Exercise prompt: Please take the records that follow and repeat exactly the lines starting with the line with "Spacious living room" and going on through the line with "Stock photo: Woman".

Data supplied:
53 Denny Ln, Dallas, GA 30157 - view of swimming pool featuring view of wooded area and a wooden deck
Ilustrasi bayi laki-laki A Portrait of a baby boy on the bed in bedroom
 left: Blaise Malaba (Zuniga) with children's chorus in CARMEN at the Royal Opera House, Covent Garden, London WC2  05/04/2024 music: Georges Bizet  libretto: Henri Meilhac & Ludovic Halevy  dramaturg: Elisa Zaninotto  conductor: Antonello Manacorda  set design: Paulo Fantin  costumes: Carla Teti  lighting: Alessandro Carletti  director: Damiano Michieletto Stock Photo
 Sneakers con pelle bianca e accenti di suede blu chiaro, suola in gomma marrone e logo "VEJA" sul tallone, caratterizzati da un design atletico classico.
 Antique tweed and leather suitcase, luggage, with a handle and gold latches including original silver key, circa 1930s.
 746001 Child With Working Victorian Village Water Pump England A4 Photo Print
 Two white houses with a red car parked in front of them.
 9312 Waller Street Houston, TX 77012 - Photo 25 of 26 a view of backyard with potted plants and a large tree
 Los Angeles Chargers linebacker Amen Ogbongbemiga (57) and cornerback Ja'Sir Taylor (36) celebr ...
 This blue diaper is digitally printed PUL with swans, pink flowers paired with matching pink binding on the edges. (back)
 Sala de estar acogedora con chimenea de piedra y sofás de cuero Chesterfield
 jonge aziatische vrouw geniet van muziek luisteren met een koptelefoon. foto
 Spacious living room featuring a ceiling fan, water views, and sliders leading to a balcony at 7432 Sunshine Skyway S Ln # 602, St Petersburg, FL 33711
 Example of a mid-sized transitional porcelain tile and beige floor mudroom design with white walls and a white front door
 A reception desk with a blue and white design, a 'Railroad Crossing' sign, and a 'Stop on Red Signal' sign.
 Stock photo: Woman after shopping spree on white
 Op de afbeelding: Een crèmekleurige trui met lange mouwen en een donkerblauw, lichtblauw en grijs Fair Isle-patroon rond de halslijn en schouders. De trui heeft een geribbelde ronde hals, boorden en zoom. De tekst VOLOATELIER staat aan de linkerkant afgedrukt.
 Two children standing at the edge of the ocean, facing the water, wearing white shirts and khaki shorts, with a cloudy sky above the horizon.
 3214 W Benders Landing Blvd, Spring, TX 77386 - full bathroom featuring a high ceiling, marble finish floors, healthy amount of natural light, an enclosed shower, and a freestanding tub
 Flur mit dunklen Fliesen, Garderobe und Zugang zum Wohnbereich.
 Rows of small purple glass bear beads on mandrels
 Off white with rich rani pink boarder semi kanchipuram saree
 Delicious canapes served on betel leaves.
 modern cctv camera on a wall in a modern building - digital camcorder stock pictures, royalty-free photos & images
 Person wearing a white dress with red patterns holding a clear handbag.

Reply:
 Spacious living room featuring a ceiling fan, water views, and sliders leading to a balcony at 7432 Sunshine Skyway S Ln # 602, St Petersburg, FL 33711
 Example of a mid-sized transitional porcelain tile and beige floor mudroom design with white walls and a white front door
 A reception desk with a blue and white design, a 'Railroad Crossing' sign, and a 'Stop on Red Signal' sign.
 Stock photo: Woman after shopping spree on white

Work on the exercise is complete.